The two geographies that would work for us are Europe and Southeast Asia. We are present in both but in the traditional form. We are not in the mainstream supermarkets or hypermarkets. We are not looking at China, but emerging geographies like the Philippines, Burma, Vietnam and Thailand—these are more westernized and they can adopt products from us and from the Western world.
Any budgets for these acquisitions?
We have done a $100 million acquisition with Namaste (a US personal care group). We have the appetite to go up to that. But if something looks like it would create more shareholder value for us and makes sense for us to integrate with our business, geography and category, then budget is not a criteria. In terms of raising capital, we are a zero-debt company and again 70% shareholding by the family allows us to do that.
What new categories are you looking at for growth?
Mid-sized multinationals in India are now looking at scaling their operations and doubling and tripling their turnovers to be ₹ 10,000 crore in the next 3-5 years. What does this mean for companies like you?
We are a value-for-money company and are a trusted company. We are present in a lot of different categories and are not betting everything in one boat. We will see more competition in FMCG (fast moving consumer goods). However, we are going to focus more on healthcare. We will see how everything pans out and then bet our monies accordingly.
Marketing spending has been on the higher side for a while now...
We usually spend about 15% of our topline on marketing. That has been going on for last 4-5 years. It will continue in the coming year.
What about high inflation and increasing commodities prices? Did that have an impact?
We have been hit by the packaged foods as commodity prices have increased. This is true for even Lite Bite. Lite Bite didn’t see much growth on a like-to-like basis. The growth has been about 7-10%, led by pricing and new store openings.
What are consumers looking for when they eat out?

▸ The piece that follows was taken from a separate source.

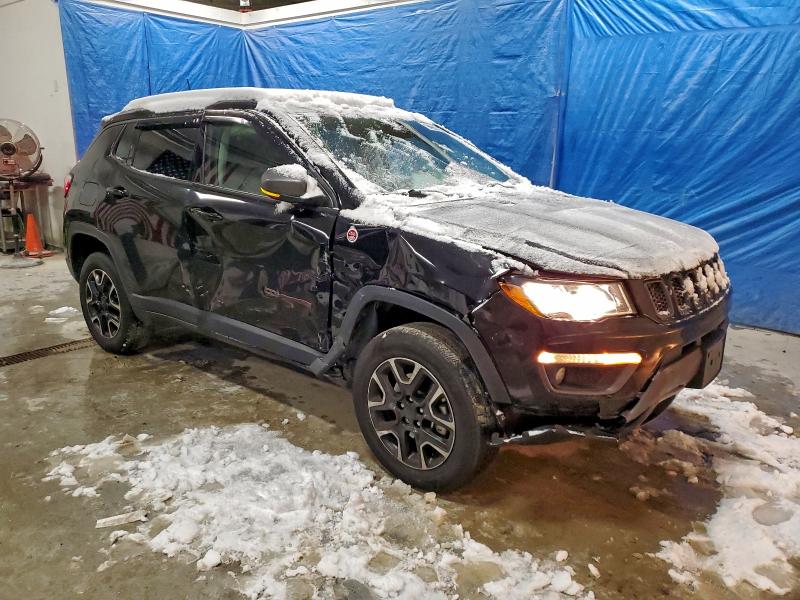 Foto 4 de la subasta – 2020 JEEP COMPASS TR con VIN 3C4NJDDB8LT244721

In Delhi and NCR, our north Indian brand Punjab Grill works the best. We are a value-for- money brand. At lunchtime, our buffets attract high footfalls. In the malls, people coming in for a movie want to have a quick meal and go. On the weekends they may have a little bit more time and they want to have a glass of wine or beer with their food. So again a lot of combos work. So you know, in Fresco (Italian restaurant chain) a glass of wine with food, in Punjab Grill, a beer with food, works. In quick service restaurants there is a need to have low-priced items like the ₹ 25 rajma chawal that we have at Street Foods of India. Customers come to buy that and they also get water or a beverage or a thali. There has to be a catching point to let customers come in.
So, what will be the growth driver for Lite Bite?

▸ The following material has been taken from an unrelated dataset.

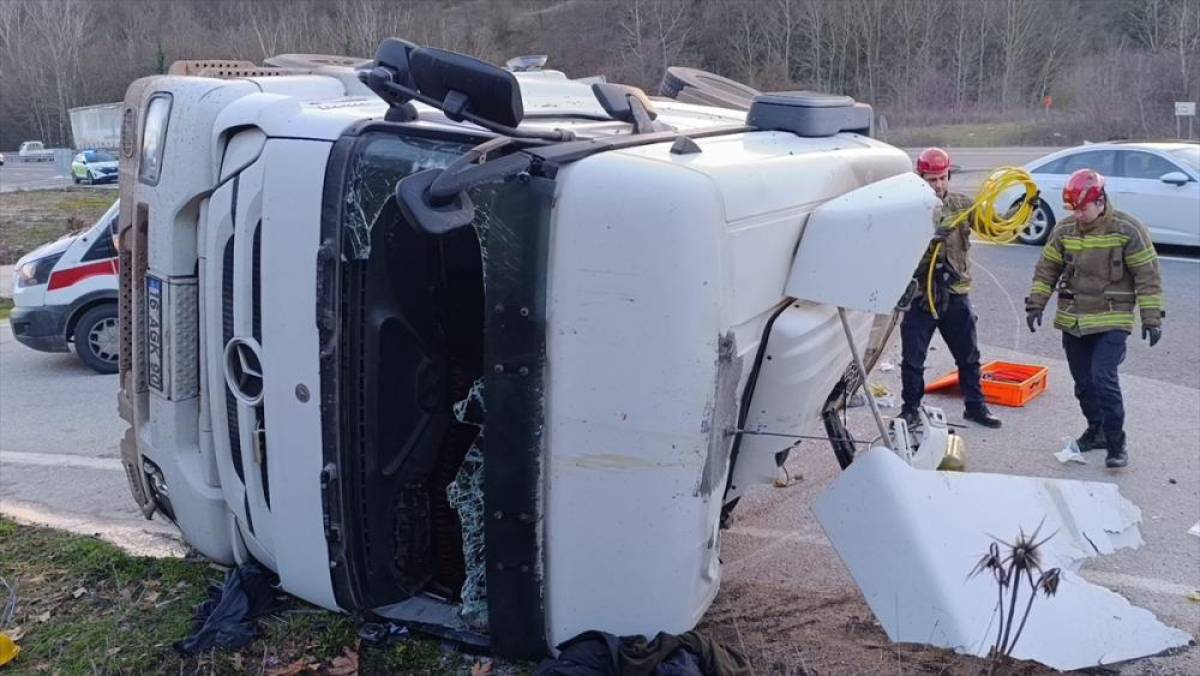 Bursa'da devrilen beton mikserinin s&uuml;r&uuml;c&uuml;s&uuml; ağır yaralandı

Mumbai for us is going to be a huge growth driver. We will be opening close to 50-55 restaurants there in the next one year. Currently, we have 55 restaurants, of which in Mumbai we have five and most of the remaining are in the Delhi-National Capital Region and some in Pune.
What about an initial public offering for Lite Bite?

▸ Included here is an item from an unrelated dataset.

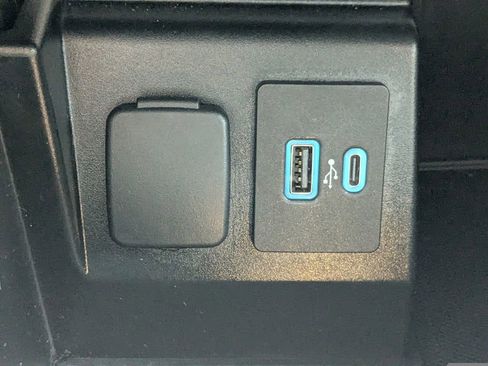 Used 2020 Ford Explorer Limited image 27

We will take a call in September after seeing how Mumbai pans out. We will have about 120 outlets by then. We plan to close the financial year 2014 with revenue of ₹ 120 crore and FY2015 with ₹ 200 crore revenue.
In your own capacity you acquired an Italian restaurant chain, Scalini, in London in March. Do you plan to bring the brand to India?
This is a 25-year-old institution and we plan to take it and franchise it to geographies like Abu Dhabi, Dubai, Russia, Shanghai, and may be not India immediately. The average ticket price at Scalini is £70. Where in Delhi can you put this kind of a restaurant unless it’s a five-star.